Gleichzeitig machte CDU-Chef Friedrich Merz der Ampel-Regierung ein neues Angebot: Er schlage vor, Zurückweisungen ab dem 1. Oktober drei Monate lang vorzunehmen, sagte der Oppositionsführer der Funke-Mediengruppe. Dies hätte eine Signalwirkung und würde den Zustrom nach Deutschland in kürzester Zeit stark reduzieren. "Nach den drei Monaten ziehen wir dann Bilanz." Die Bundesregierung werde vielleicht dann erkennen, dass dies der richtige Weg sei.
Faeser rechtfertigt Grenzkontrollen gegenüber EU-Kommission
Unterdessen wurde bekannt, dass Faeser in einem Schreiben an die EU-Kommission die Ausweitung der Kontrollen auf alle deutschen Grenzen mit der Migrations- und Sicherheitslage gerechtfertigt hat.

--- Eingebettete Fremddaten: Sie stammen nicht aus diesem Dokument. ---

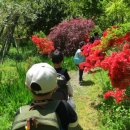 율곡초등학교 병설유치원 이미지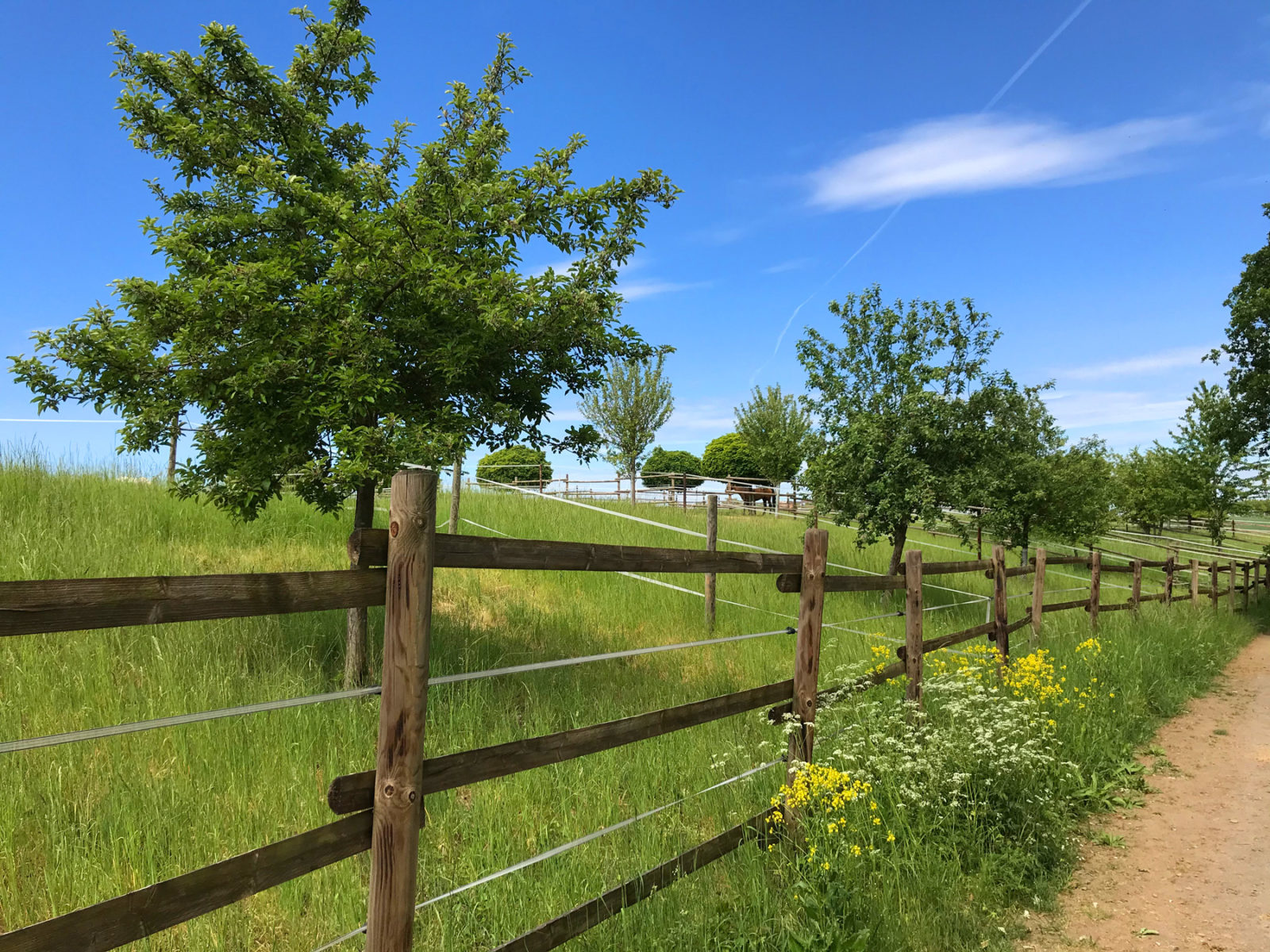 Traumhafter Keberbach, Carlshöhe und sonniges Maifeld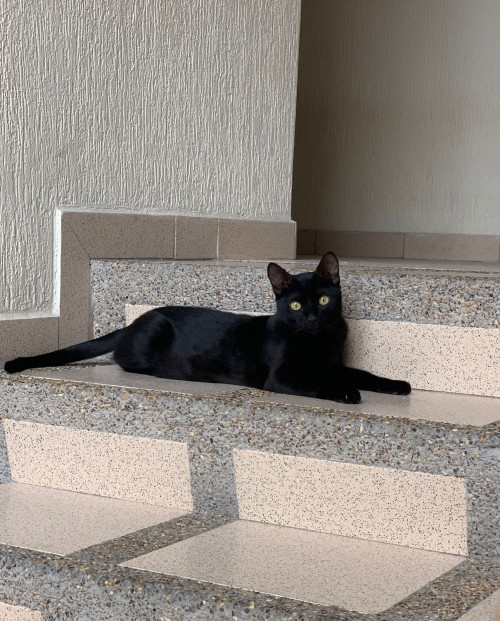 Vito
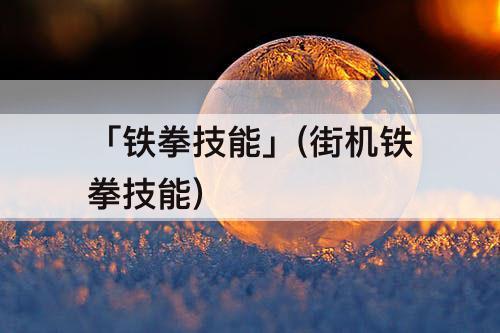 「铁拳技能」(街机铁拳技能)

Die Ressourcen von Bund und Ländern zur Aufnahme und Versorgung von Flüchtlingen seien "nahezu erschöpft" und stießen "an die Grenzen des Leistbaren", schrieb Faeser darin.
Eine "Überforderung des (solidarischen) Gemeinwesens" müsse verhindert werden. "Die Schaffung zusätzlicher Unterkünfte ist nicht unbegrenzt möglich", schrieb Faeser in dem Schreiben, das auf den Montag datiert ist, als die Ministerin die Ausweitung der Grenzkontrollen angekündigt hatte. "Kein Staat der Welt kann unbegrenzt Flüchtlinge aufnehmen." Und der Migrationsdruck werde voraussichtlich "unvermindert hoch bleiben".
In bestimmten Fällen können andere Länder aber die Durchführung der Asylverfahren übernehmen - etwa aus humanitären Gründen. Das Dublin-Abkommen gilt seit dem 1. September 1997.
"Neben Gefahren durch den islamistischen Terrorismus" hätten "zuletzt Vorfälle von Messer- und Gewaltkriminalität durch Geflüchtete zu einer massiven Beeinträchtigung des Sicherheitsgefühls und des inneren Friedens geführt", fuhr Faeser fort. Sie kritisierte dabei auch "die zunehmende Dysfunktionalität" des sogenannten Dublin-Systems in Europa - also die Vereinbarung, dass Flüchtlinge in dem Land ihren Asylantrag stellen müssen, wo sie als erstes europäischen Boden betreten.
Die Ministerin appellierte an Brüssel, "dass wir gemeinsam weiterhin energisch und kraftvoll daran arbeiten, hier sichtbare und rasche Fortschritte zu erzielen".